Administration: Dr Drayton is a member of the committees of management of the Centre for African Studies and the Centre for Latin American Studies, the Smuts, Holland Rose, and Evans funds. In 2006-7 he will be mentor for the Centre for African Studies Visiting Fellowships on Africa and the Atlantic World since 1500. He is a member of the Faculty Board and Degree Committee of the Faculty of History.

External affiliations: Dr Drayton is Senior Research Associate of the Centre for World Environmental History of the University of Sussex. He is a member of the Academic Advisory Committee on the Bicentenary of the Abolition of the Slave Trade of the British Empire and Commonwealth Museum. With Megan Vaughan he edits the Cambridge Imperial and Post-Colonial Studies series of Palgrave-Macmillan.
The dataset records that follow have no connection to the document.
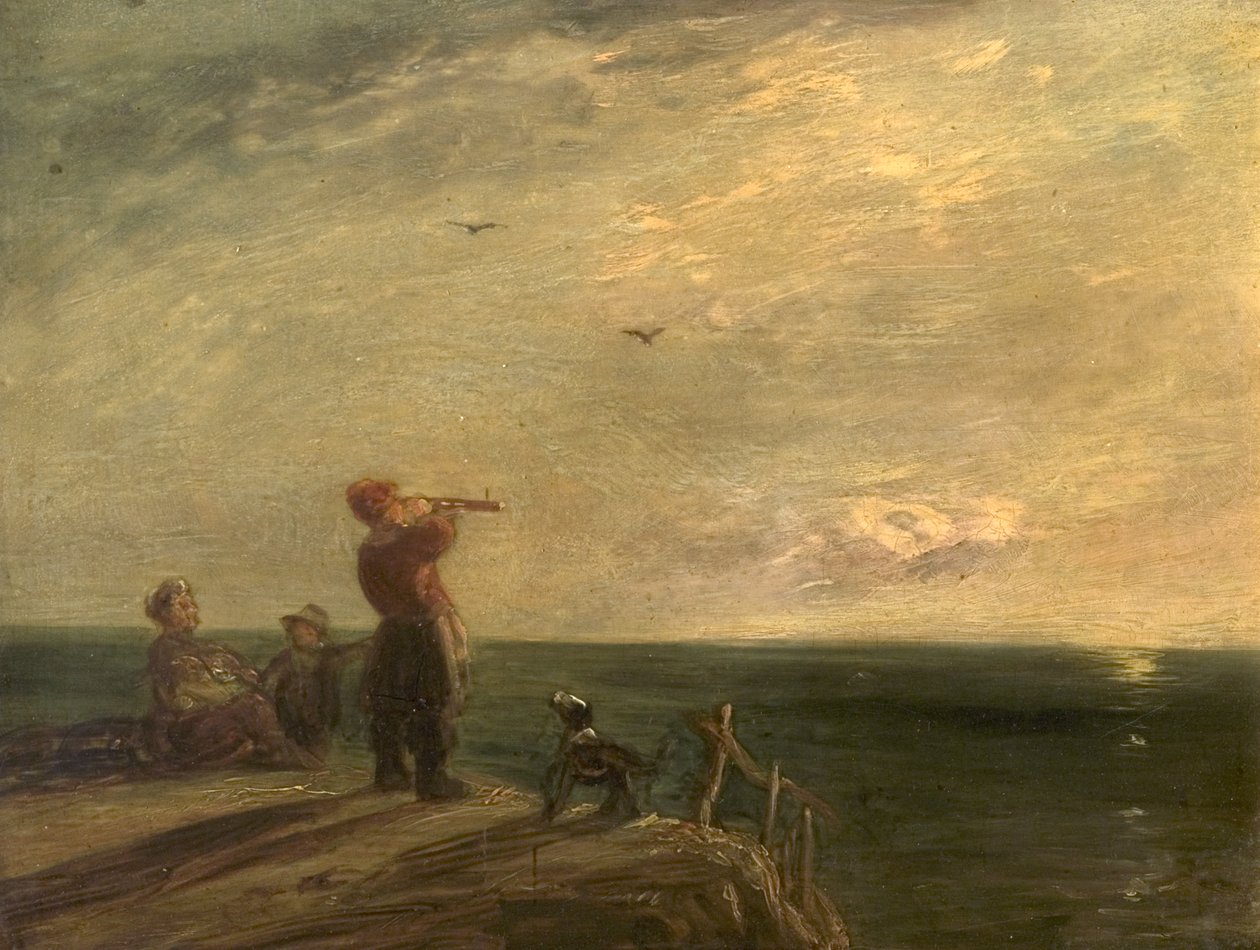 Meereslandschaft mit Figuren und Hund, Sonnenuntergang von William Collins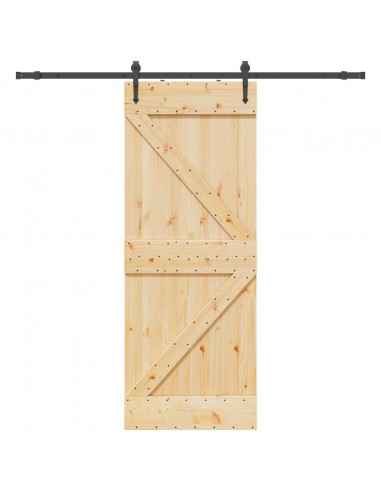 Porta Scorrevole con Set Hardware 80x210 cm Legno Massello Pino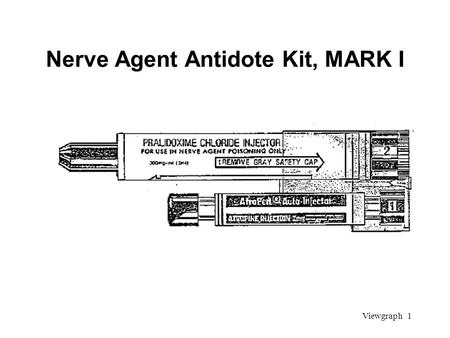 Viewgraph 1 Nerve Agent Antidote Kit, MARK I. Viewgraph 2 Holding MARK I (NAAK)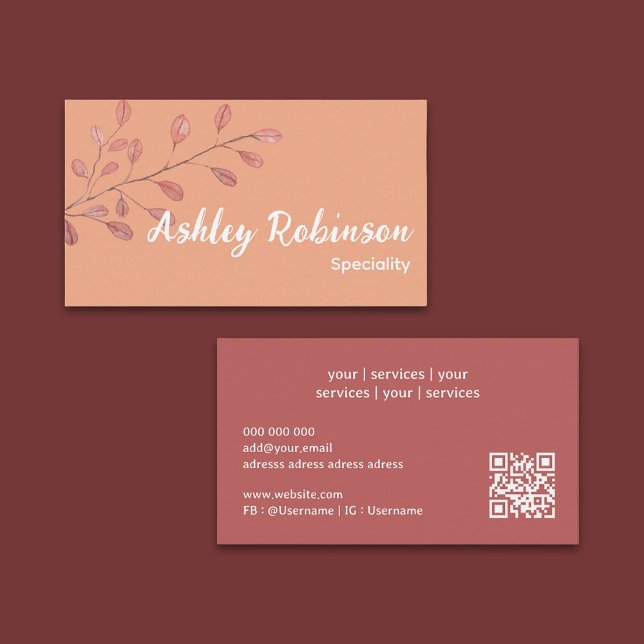 Minimaler QR-Code Rose Terracotta-Blatt Visitenkar Visitenkarte (Minimal QR code rose terracotta leaf Business Card)
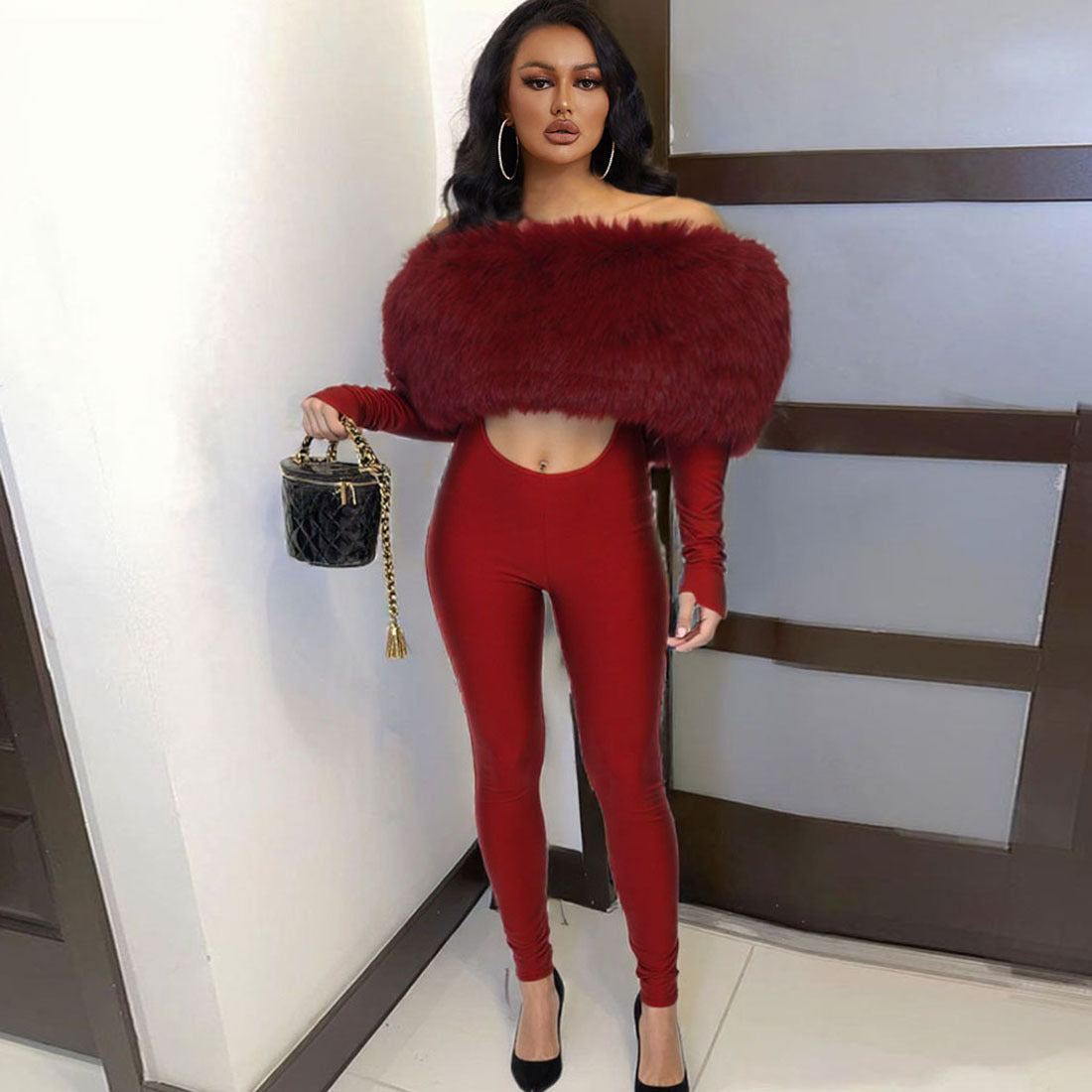 New Women's Off-shoulder Furry Stitching Sexy Midriff-baring Long Sleeve Jumpsuit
He is a Fellow of the Royal Historical Society, a member of the American Historical Association and the Association of Caribbean Historians.

Dr. Drayton believes that it is important for historians to communicate with the wider public, and in particular to speak up where their work on the past has relevance to the present. He has appeared on BBC radio on ‘Nightwaves’ and ‘In Our Time’, has participated in public debates on Britain’s imperial past and present, and has published op/ed pieces in the Guardian (including An Ethical Blank Cheque and Africa and the wealth of the West).